To date I have not seen a 1964 or 67 regular production bottle, other than what I've shown for factory samples.
So the 1964 samples were test bottles for the 1965 release....pretty significant to be able to document these.

Orange Crush-back in the brown bottle- Nanaimo Daily News, 28 Jun 1965, Mon, Page 13 




Orange Crush-Nanaimo Bottling- Nanaimo Daily News, 04 Sep 1965, Sat, Page 42


----------



## CanadianBottles (Nov 28, 2020)

Canadacan said:


> Well they did not continue to make the brown after 1955 when the new clear glass Mae West design was released. These brown bottles were miss dated as being from 1956-57 when in fact they did not come out until 1965. It was a back by popular demand advertising campaign.
> To date I have not seen a 1964 or 67 regular production bottle, other than what I've shown for factory samples.
> So the 1964 samples were test bottles for the 1965 release....pretty significant to be able to document these.
> 
> ...


Oh interesting, I never realized that!  I always assumed the brown Mae West was a carry-over from the brown crinkly bottles and that they switched to clear sometime afterwards.  Guess I never looked at the date codes on the base of these.


----------



## Canadacan (Nov 28, 2020)

CanadianBottles said:


> Oh interesting, I never realized that!  I always assumed the brown Mae West was a carry-over from the brown crinkly bottles and that they switched to clear sometime afterwards.  Guess I never looked at the date codes on the base of these.


Yes it's very interesting indeed...I made a post about this common misconception, not sure if I posted that here?. Myself and a friend have researched this in-depth and constantly inspect these bottles for variations.


----------



## CanadianBottles (Nov 28, 2020)

Canadacan said:


> Yes it's very interesting indeed...I made a post about this common misconception, not sure if I posted that here?. Myself and a friend have researched this in-depth and constantly inspect these bottles for variations.


It rings a bell, it's very possible that I read that thread a while ago and then forgot about it.  Or that I never realized the amber ones were only a back by popular demand thing.


----------



## Canadacan (Dec 1, 2020)

Ok my fourth bottle just arrived!...and I'm excited to share this. It's another white label dated 1964 July-Aug.
You're not likely to ever see these in person so here it is!


----------



## Donas12 (Dec 1, 2020)

What a way to drop the mic!! Wow


----------



## mrosman (Dec 2, 2020)

Great sample bottles, Ivan.  Never saw those before.... where did you find them?
Regards, Michael


----------



## Canadacan (Dec 3, 2020)

Michael hello, and thank you. I was hoping you would come across this post. So the bottles came up out of the USA, so much of our top Canadian bottles and soda stuff end up down there. The fellow I got them from in turn got them from a lady that worked for Crush.
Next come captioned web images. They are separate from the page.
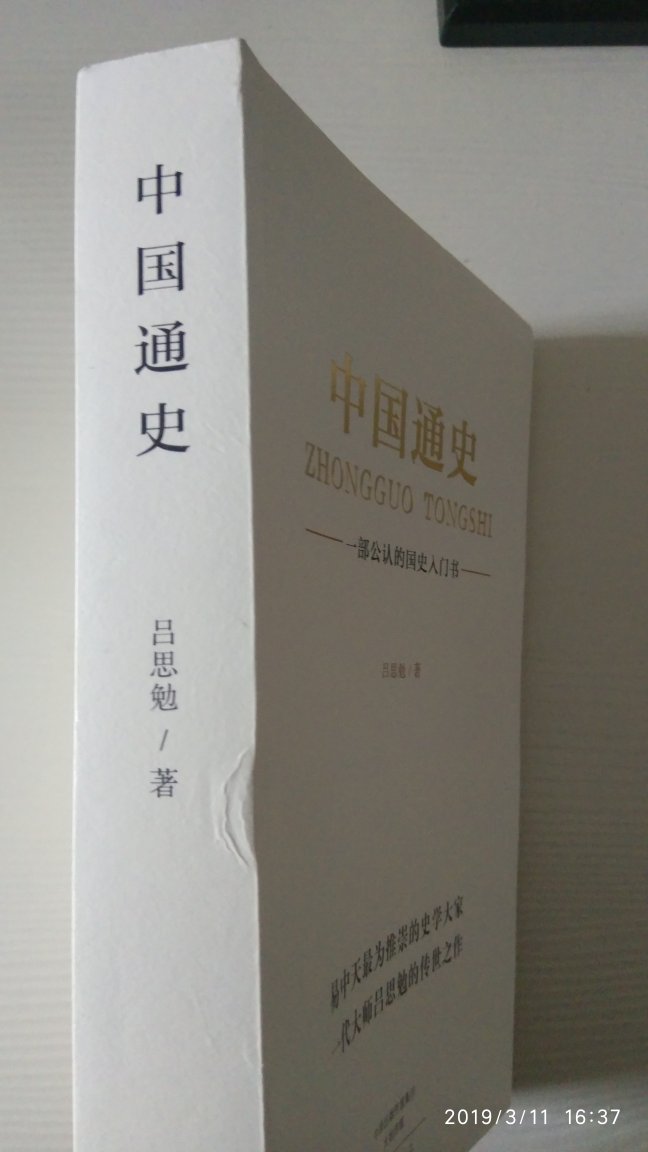 吕思勉的这本中国通史，以前读过。这次趁着平台99元10本书的活动，买来重新温读。不过书有点破损。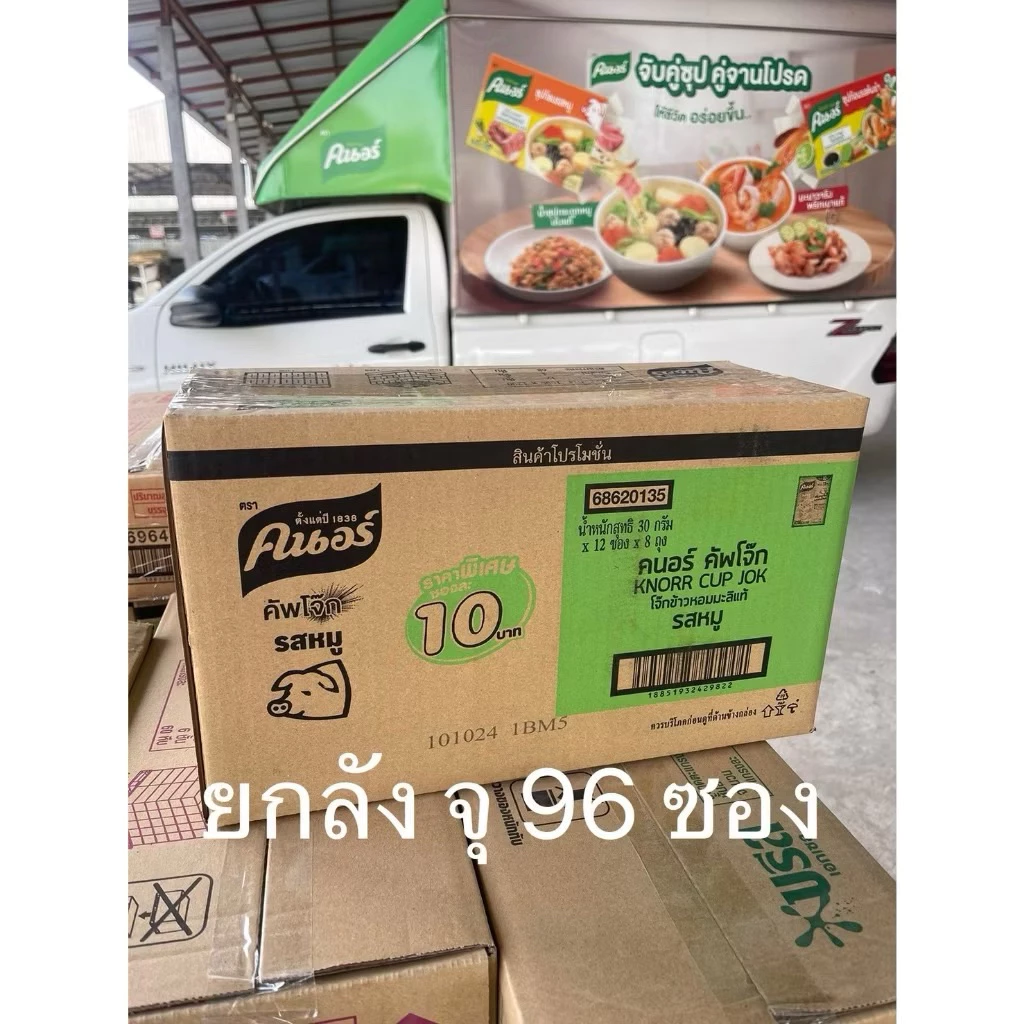 [ยกลัง8แพ็ค]โจ๊กคนอร์ซอง28g. หมู ไก่ กุ้ง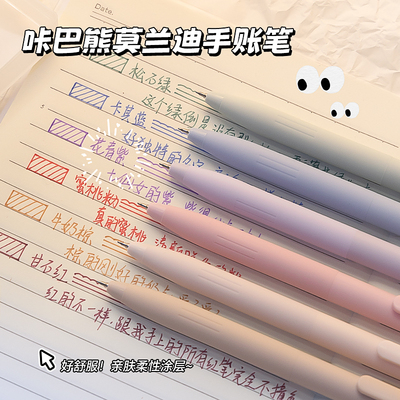 【莫兰迪色系】彩色中性笔笔记用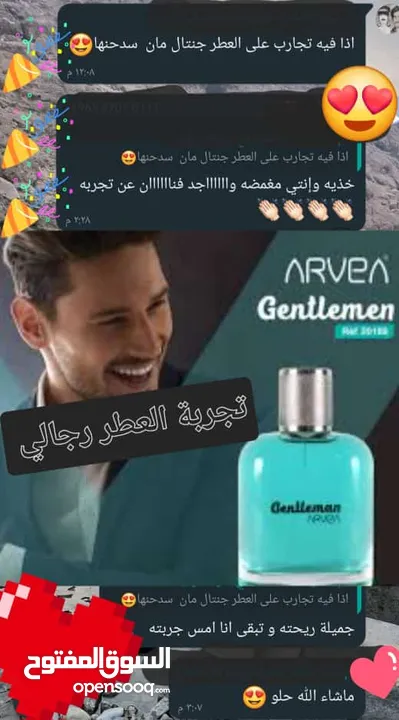 عطر جنتلمان ولا غلططططه روووعه ويستحق كهديه لشباب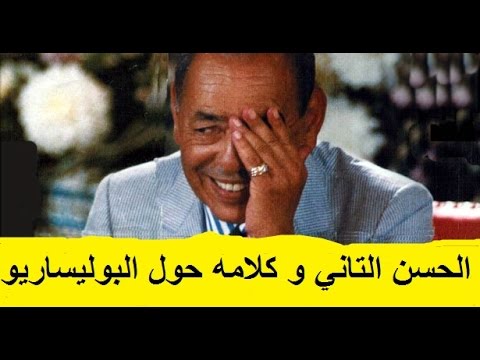 شاهد ظهور فيديو خطير للحسن الثاني حول الصحراء والبوليساريو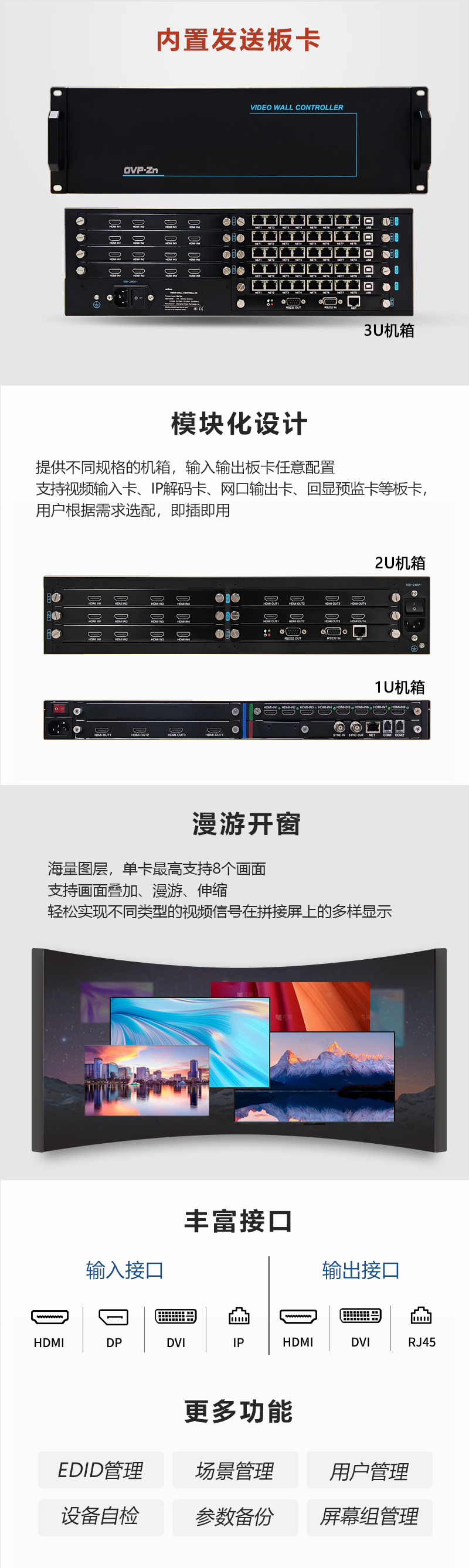 888集团电子游戏(中国游)有限公司官网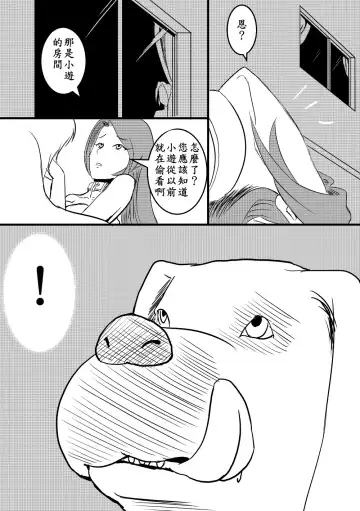 阿福的幸福 Fhentai.net - Page 30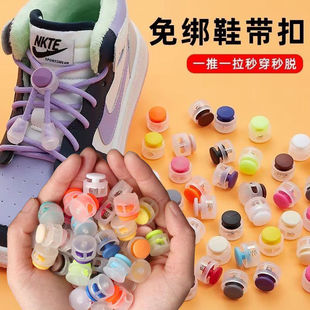 懒人鞋带扣配件儿童新款免系免绑鞋带固定器自动扣运动鞋弹力卡扣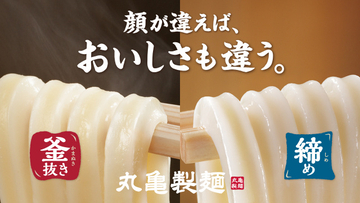 丸亀製麺、食べ比べ用「ひと口うどん」無料配布　9月18日・19日の2日間限定、“釜抜き＆締め”を体験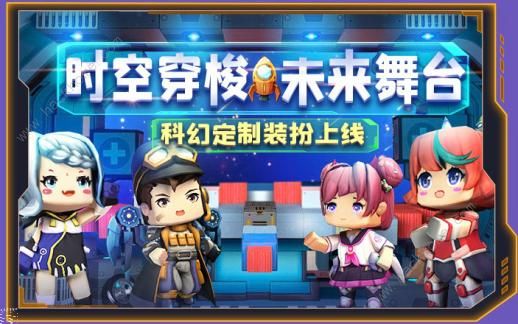 迷你世界0.43.0版本更新内容有哪些 联动变形金刚石破天惊风云再起图片9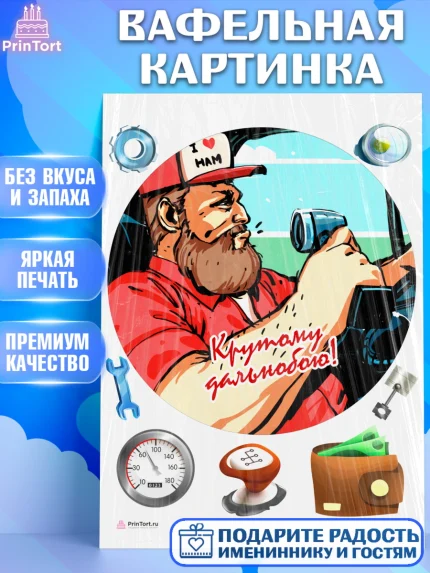 Вафельная картинка, Дальнобойщик, Водитель, Мальчик, День рождения, арт. PT206737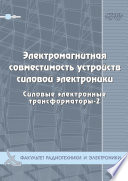 Электромагнитная совместимость устройств силовой электроники. Силовые электронные трансформаторы-3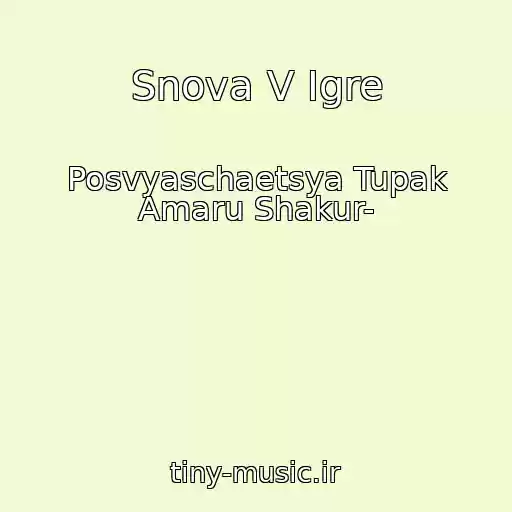 کاور آهنگ Snova V Igre از Posvyaschaetsya Tupak Amaru Shakur-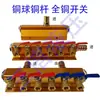 Coletor de água para máquina de moldagem por injeção de duas fileiras/Coletor de água de resfriamento de molde/Distribuidor de água/Distribuidor de água de fileira única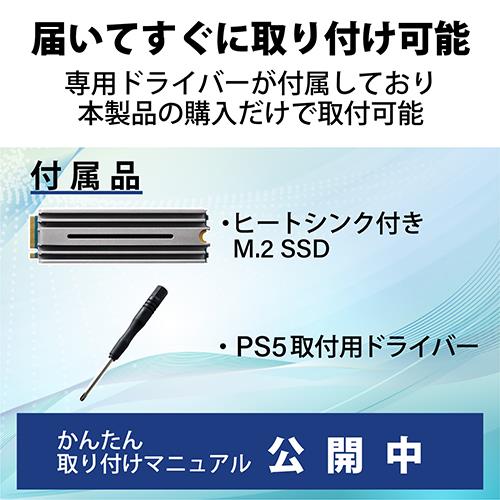 エレコム(ELECOM) ESD-IPS1000G M.2 PCIe接続内蔵SSD 1TB PS5専用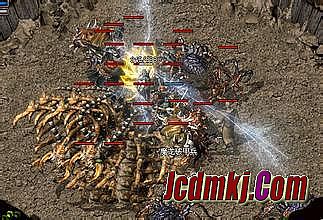 新开传奇合击1.95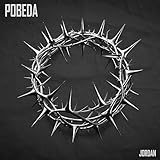  Pobeda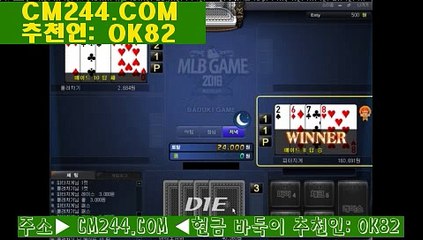 바카라그림보는법せ／／ ＧＭ５５４。COM  ／／げ바둑이사이트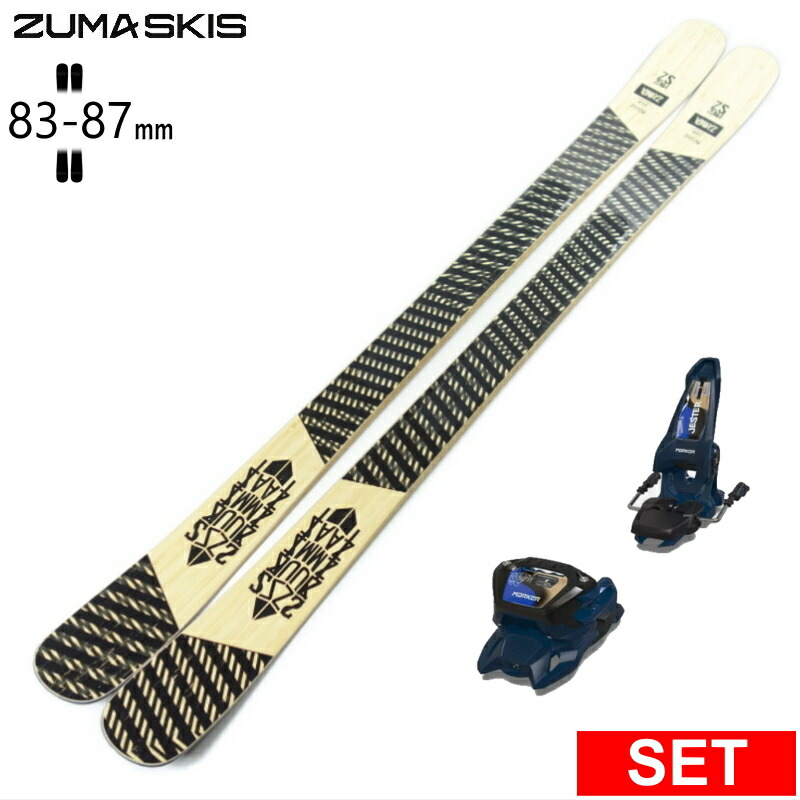 楽天市場】ツマ フリースタイルスキー板 メンズ PROPIPE ZUMA 【22-23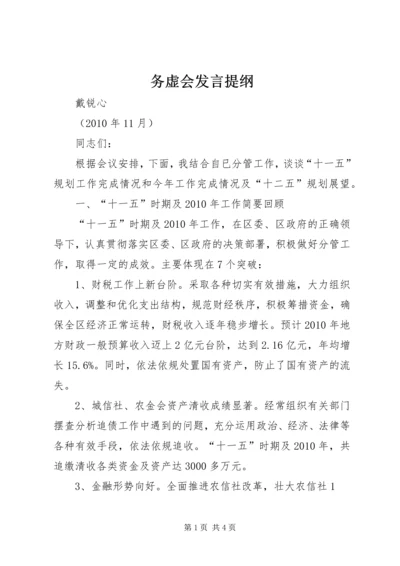 务虚会发言提纲 (2).docx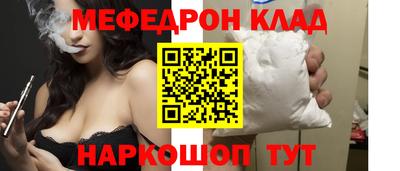 mdpv Гусев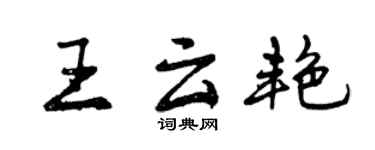 曾慶福王雲艷行書個性簽名怎么寫
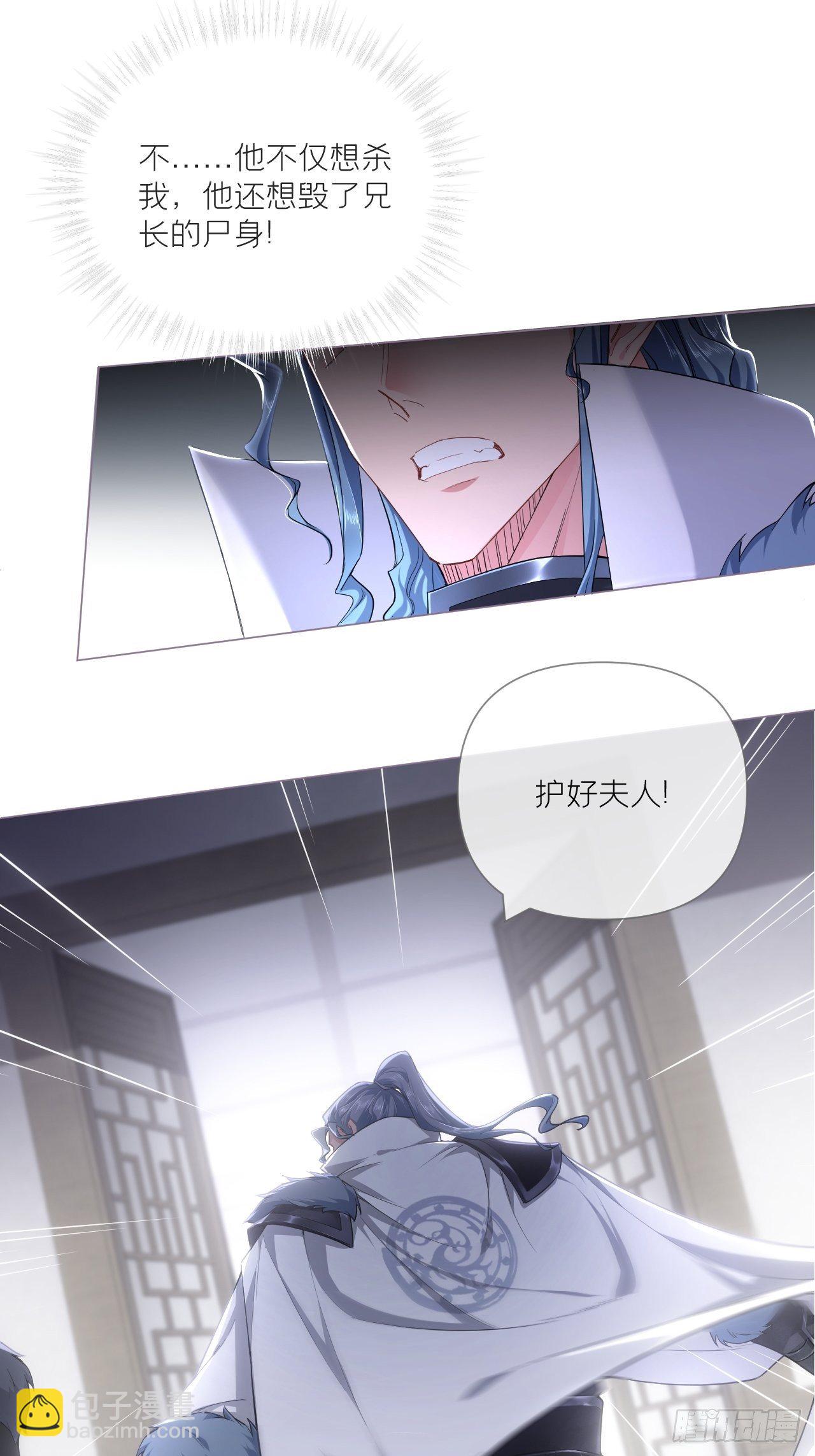 64 人生无常，大肠包小肠(1/2)-第67话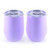 WBRWP 12oz Coffee Cup with Lid : Double-insulated Stemless Glass, Stainless Steel Tumbler Cup with Lids for Wine, Coffee, Drinks, Champagne, Cocktails 2 Pieces-Light Purple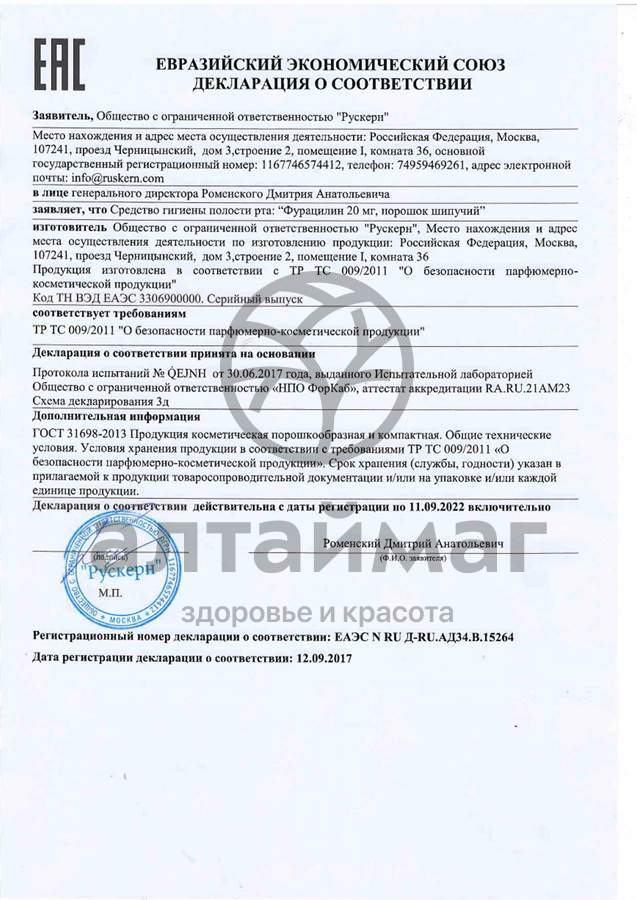 Сертификат на товар Фурацилин порошок шипучий Рускерн 20мг саше №10 Фурацилин порошок шипучий Рускерн 20мг саше №10 сертификат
How she came into possession I'm not positive but the seller did provide this memo note dated 1979 that she gave to him when he purchased them.
Note it's from Pure Spring Canada ltd. And that makes sense being they were owned by Crush.

In my 33 years I've never known of these.


----------



## mrosman (Dec 3, 2020)

Nice to hear from you.... those bottle are really interesting, and as I said, I have NEVER seen anything like them... Interesting, at college in Ottawa, I worked three years as a chemist at Pure Spring Company Ltd., - their head office at that time, but all I knew then was sticking my hand into a freezing, ice filled cooler and pulling out an amber,krinkly Orange Crush - after school of course.
Regards, Michael


----------



## RCO (Feb 18, 2021)

i came across a couple crush ads from the late 60's when searching thru some old newspapers , these 3 are all from the credit valley bottling works in Georgetown Ontario 

one features 3 new flavours - lime , grape and grapefruit in brown bottles


----------



## tsims (May 3, 2021)

Canadacan said:


> Well they did not continue to make the brown after 1955 when the new clear glass Mae West design was released. These brown bottles were miss dated as being from 1956-57 when in fact they did not come out until 1965. It was a back by popular demand advertising campaign.
> To date I have not seen a 1964 or 67 regular production bottle, other than what I've shown for factory samples.
> So the 1964 samples were test bottles for the 1965 release....pretty significant to be able to document these.
> 
> ...


Here is another one i ran across as well


----------